Repeat nothing but the lines below running from the one containing "Volkswagen T-Cross, 2024" to the one containing "Panasonic NN CD58JSGPG Magnetron". Keep both end lines.

**** Information provided

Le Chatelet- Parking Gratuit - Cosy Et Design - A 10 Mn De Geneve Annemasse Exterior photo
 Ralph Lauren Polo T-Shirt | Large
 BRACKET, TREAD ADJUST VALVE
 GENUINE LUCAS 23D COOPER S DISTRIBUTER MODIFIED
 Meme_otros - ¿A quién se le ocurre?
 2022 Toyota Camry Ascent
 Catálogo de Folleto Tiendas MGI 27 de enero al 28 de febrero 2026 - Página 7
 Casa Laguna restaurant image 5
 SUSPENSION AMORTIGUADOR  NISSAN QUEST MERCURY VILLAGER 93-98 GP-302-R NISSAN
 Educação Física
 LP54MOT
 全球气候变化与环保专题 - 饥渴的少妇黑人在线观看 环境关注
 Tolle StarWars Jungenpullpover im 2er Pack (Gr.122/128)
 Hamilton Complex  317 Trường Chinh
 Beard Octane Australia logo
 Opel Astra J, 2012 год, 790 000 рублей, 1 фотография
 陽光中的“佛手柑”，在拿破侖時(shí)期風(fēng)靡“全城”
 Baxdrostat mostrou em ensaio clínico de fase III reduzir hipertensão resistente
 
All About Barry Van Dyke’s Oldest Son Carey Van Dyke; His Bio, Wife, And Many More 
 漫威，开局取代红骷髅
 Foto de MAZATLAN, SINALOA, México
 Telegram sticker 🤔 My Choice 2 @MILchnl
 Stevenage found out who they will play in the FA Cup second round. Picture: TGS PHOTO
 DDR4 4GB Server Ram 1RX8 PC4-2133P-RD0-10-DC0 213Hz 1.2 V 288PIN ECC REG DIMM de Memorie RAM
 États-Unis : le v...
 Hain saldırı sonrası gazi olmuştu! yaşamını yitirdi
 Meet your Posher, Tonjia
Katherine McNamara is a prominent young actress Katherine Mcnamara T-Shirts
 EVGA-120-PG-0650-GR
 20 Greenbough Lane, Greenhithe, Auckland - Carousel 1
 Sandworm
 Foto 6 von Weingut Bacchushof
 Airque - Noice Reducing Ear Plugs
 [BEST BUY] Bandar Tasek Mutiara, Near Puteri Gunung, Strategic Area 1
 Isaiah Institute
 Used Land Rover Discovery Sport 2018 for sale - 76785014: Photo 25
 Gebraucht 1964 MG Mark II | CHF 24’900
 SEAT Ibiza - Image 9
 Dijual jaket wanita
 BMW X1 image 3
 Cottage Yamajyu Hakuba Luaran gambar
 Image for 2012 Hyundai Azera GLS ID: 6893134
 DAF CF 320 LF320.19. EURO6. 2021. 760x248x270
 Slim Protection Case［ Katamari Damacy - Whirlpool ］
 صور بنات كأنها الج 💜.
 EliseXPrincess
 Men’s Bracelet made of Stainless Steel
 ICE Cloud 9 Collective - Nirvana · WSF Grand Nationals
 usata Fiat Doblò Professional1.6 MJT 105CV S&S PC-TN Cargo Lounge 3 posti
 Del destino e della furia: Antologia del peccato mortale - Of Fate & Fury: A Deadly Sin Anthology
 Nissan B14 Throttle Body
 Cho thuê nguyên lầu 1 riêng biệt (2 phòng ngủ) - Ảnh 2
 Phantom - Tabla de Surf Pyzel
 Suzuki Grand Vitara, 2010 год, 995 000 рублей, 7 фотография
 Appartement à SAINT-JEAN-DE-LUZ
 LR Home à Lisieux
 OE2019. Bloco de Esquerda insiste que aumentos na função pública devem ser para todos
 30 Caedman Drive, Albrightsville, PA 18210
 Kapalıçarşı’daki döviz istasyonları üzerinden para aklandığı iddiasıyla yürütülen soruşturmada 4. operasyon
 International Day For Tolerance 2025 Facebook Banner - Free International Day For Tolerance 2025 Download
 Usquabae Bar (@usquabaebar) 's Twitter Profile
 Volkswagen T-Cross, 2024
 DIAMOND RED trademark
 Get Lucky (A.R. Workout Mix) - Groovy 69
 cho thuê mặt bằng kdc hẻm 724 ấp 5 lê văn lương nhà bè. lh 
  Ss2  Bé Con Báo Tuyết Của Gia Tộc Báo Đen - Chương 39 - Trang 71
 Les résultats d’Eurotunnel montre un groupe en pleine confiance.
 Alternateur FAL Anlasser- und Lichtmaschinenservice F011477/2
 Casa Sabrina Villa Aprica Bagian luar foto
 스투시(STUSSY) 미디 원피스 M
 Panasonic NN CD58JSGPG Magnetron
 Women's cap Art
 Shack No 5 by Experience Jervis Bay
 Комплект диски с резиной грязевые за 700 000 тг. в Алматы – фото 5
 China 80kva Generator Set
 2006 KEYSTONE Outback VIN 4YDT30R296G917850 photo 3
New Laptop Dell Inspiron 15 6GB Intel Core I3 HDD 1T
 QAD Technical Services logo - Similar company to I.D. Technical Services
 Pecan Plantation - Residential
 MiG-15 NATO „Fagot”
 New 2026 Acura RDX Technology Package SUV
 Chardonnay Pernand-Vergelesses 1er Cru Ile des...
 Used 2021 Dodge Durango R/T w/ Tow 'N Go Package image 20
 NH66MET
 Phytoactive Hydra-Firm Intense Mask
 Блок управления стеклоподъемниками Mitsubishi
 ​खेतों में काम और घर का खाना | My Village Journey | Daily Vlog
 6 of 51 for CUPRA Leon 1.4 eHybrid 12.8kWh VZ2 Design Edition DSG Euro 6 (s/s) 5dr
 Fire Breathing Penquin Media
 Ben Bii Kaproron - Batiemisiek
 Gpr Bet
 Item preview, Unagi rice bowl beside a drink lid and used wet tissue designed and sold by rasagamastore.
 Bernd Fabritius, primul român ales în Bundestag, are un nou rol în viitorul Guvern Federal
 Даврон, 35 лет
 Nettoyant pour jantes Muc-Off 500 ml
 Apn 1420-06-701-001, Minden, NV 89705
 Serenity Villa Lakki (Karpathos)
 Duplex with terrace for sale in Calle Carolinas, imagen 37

********

_Result of this task:_
 Volkswagen T-Cross, 2024
 DIAMOND RED trademark
 Get Lucky (A.R. Workout Mix) - Groovy 69
 cho thuê mặt bằng kdc hẻm 724 ấp 5 lê văn lương nhà bè. lh 
  Ss2  Bé Con Báo Tuyết Của Gia Tộc Báo Đen - Chương 39 - Trang 71
 Les résultats d’Eurotunnel montre un groupe en pleine confiance.
 Alternateur FAL Anlasser- und Lichtmaschinenservice F011477/2
 Casa Sabrina Villa Aprica Bagian luar foto
 스투시(STUSSY) 미디 원피스 M
 Panasonic NN CD58JSGPG Magnetron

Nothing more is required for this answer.